WHAT THE EXERCISE ASKS:
Copy each record exactly and skip its pictures.

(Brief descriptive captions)
--

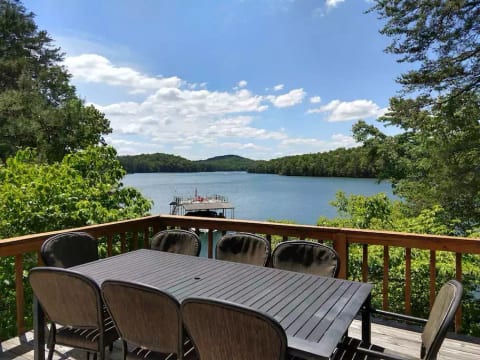 Beautiful lake view from the deck and house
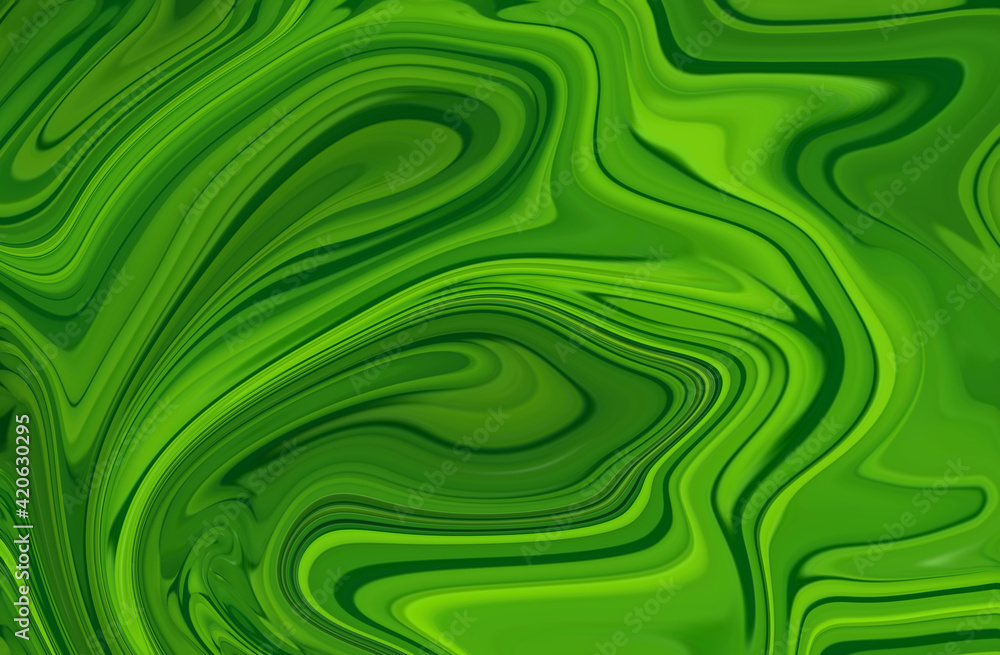 Green abstract fluid gradient texture background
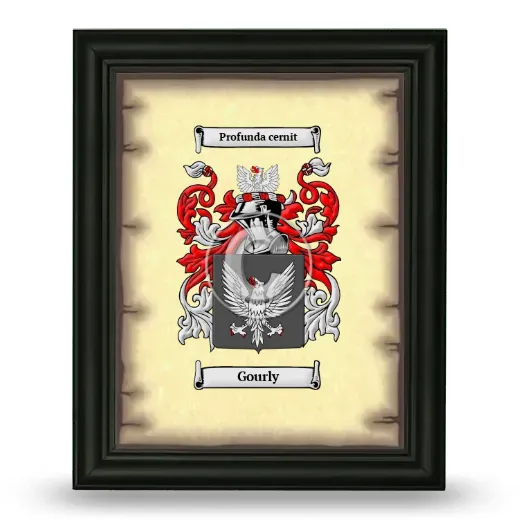 Gourly Coat of Arms Framed - Black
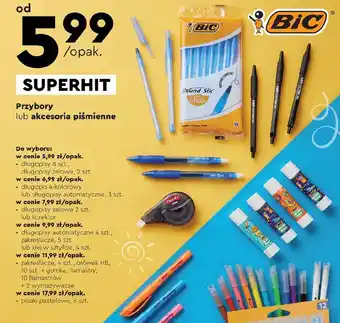 Biedronka BiC Przybory lub akcesoria piśmienne oferta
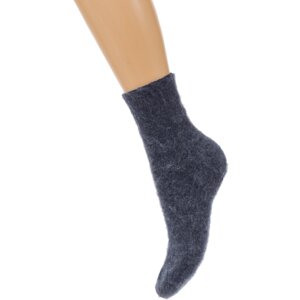 Женские носки Ростекс средние, размер 23-25, серый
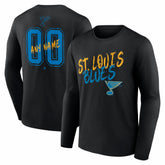 NHL St. Louis Blues Hustle Personalized Name & Number Long Sleeve T-Shirt
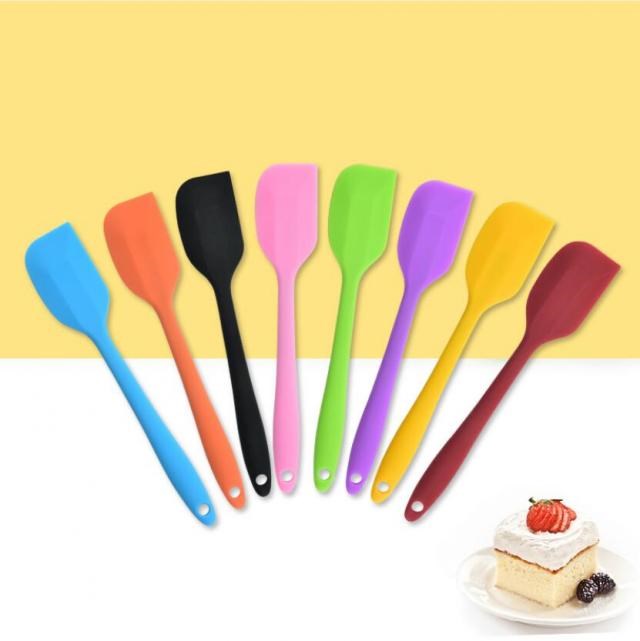 2pcs Kitchen Silicone Cream Butter Cake Spatula Mixing Batte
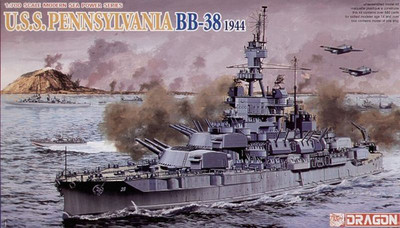 DRAGON SCALE DIVERSE KIT NAVI U.S.S PENNSYLVANIA BB 38 1944 UPGRADE VERSION AUTO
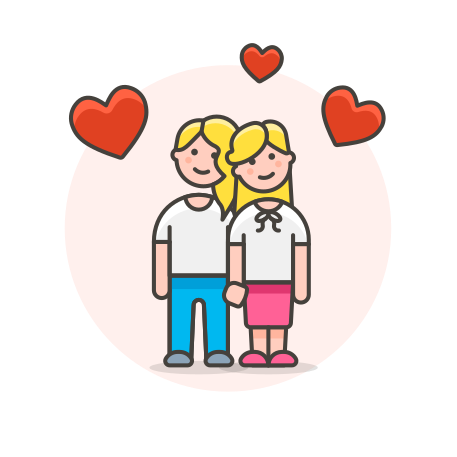 Couple, love icon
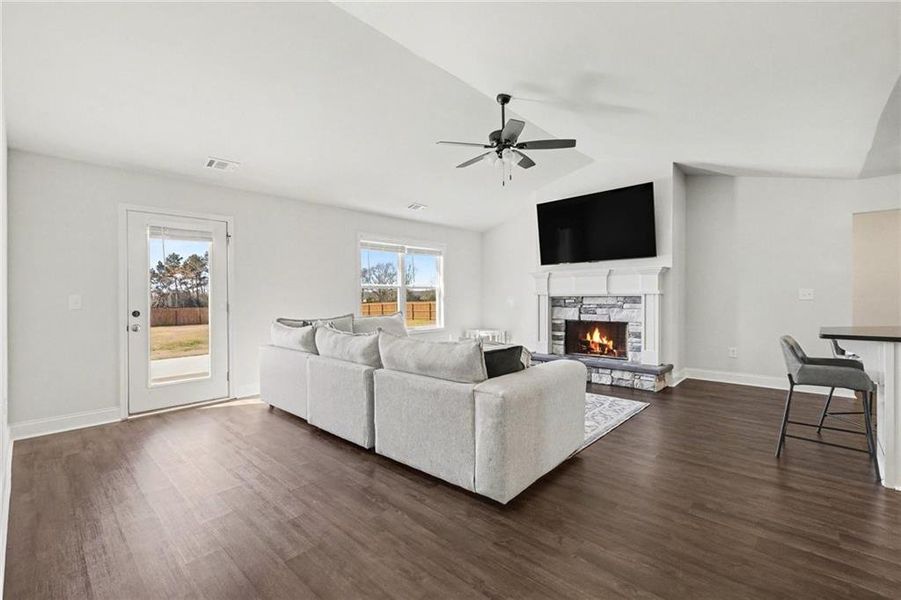 Furnished interior view inside a new home in , Winterville (Image 15).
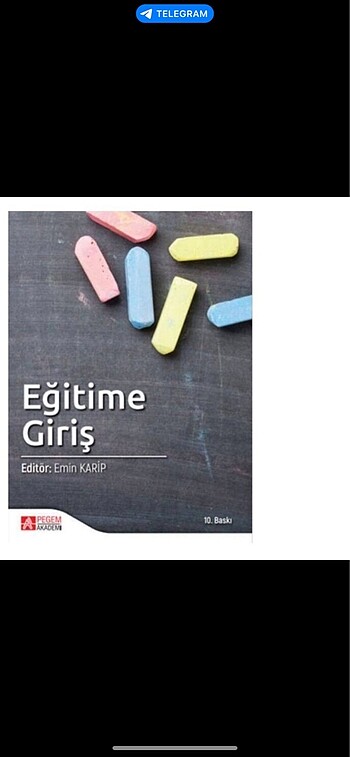 Eğitime giriş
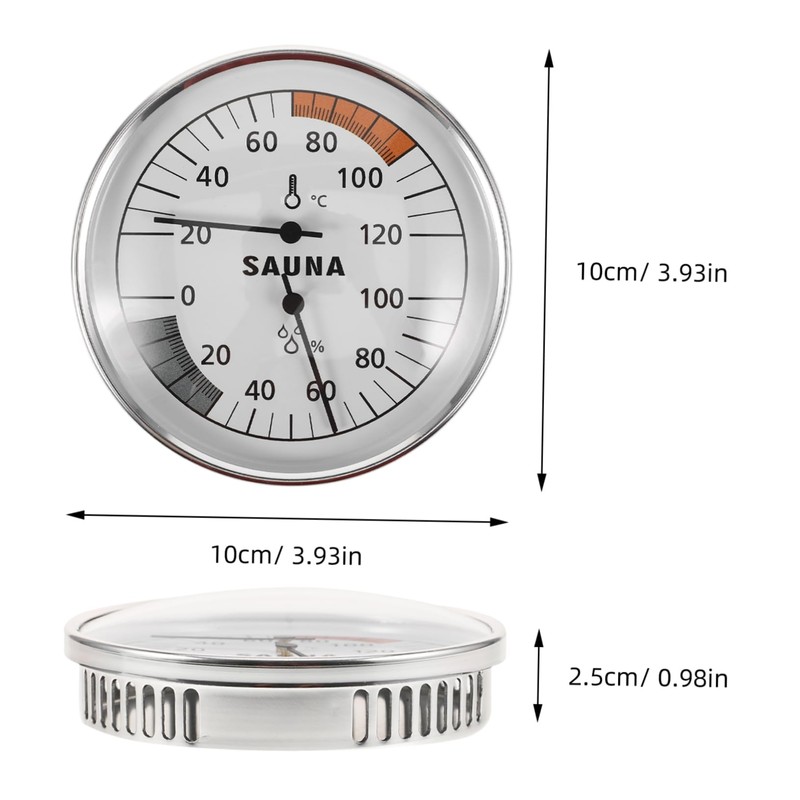 iplusmile Sauna Temperature and Humidity Gauge Dual Use Hygrometer for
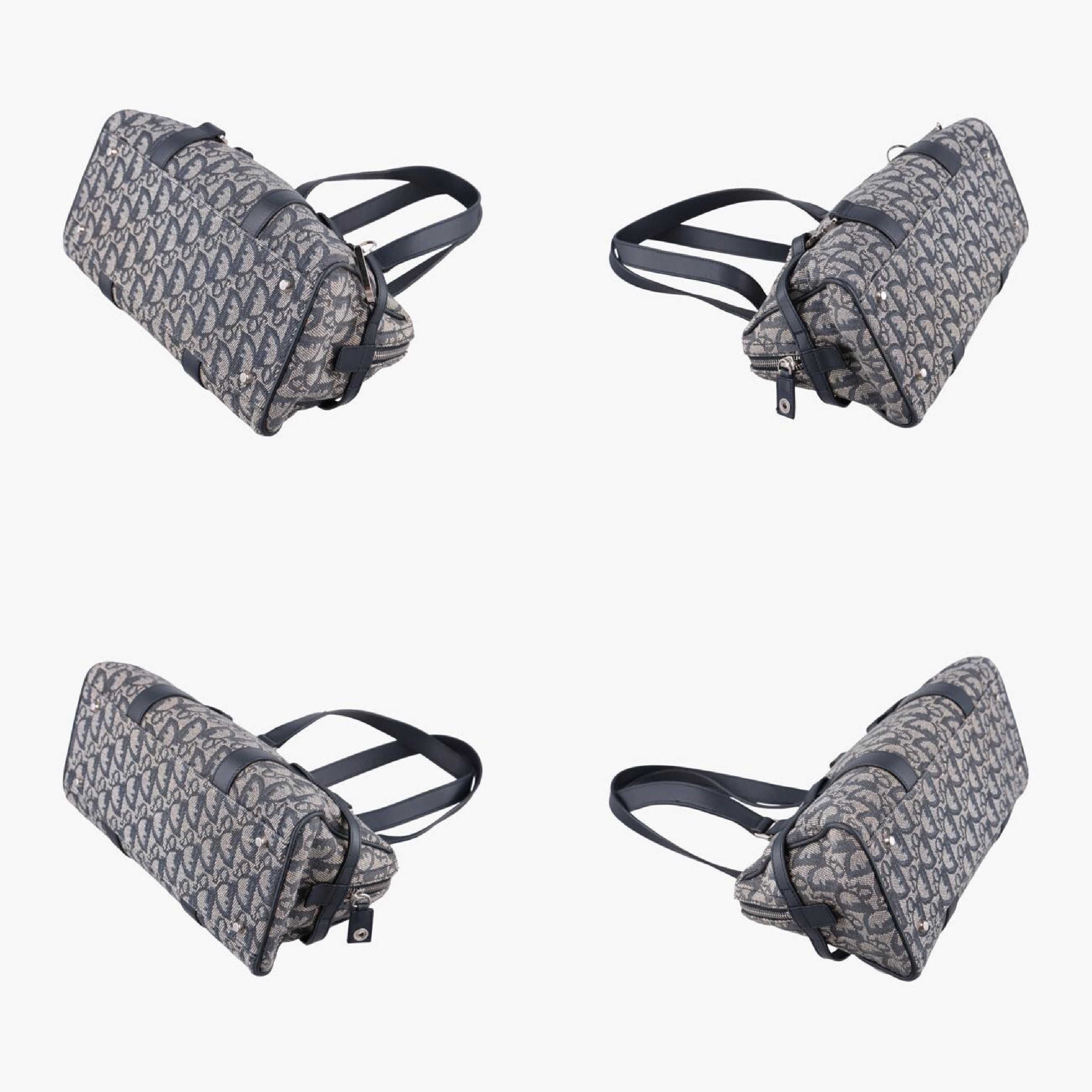 Trotter Navy x Gray Jacquard BO L 0094 Shoulder Bag — view 4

--

ANSWER:
 Beautiful lake view from the deck and house
 Green abstract fluid gradient texture background
 Gourly Coat of Arms Framed - Black
 Biedronka BiC Przybory lub akcesoria piśmienne oferta
 Женские носки Ростекс средние, размер 23-25, серый
 NHL St. Louis Blues Hustle Personalized Name & Number Long Sleeve T-Shirt
 2pcs Kitchen Silicone Cream Butter Cake Spatula Mixing Batte
 DRAGON SCALE DIVERSE KIT NAVI U.S.S PENNSYLVANIA BB 38 1944 UPGRADE VERSION AUTO
 Couple, love icon
 Furnished interior view inside a new home in , Winterville (Image 15).
 Eğitime giriş
 iplusmile Sauna Temperature and Humidity Gauge Dual Use Hygrometer for
 Trotter Navy x Gray Jacquard BO L 0094 Shoulder Bag — view 4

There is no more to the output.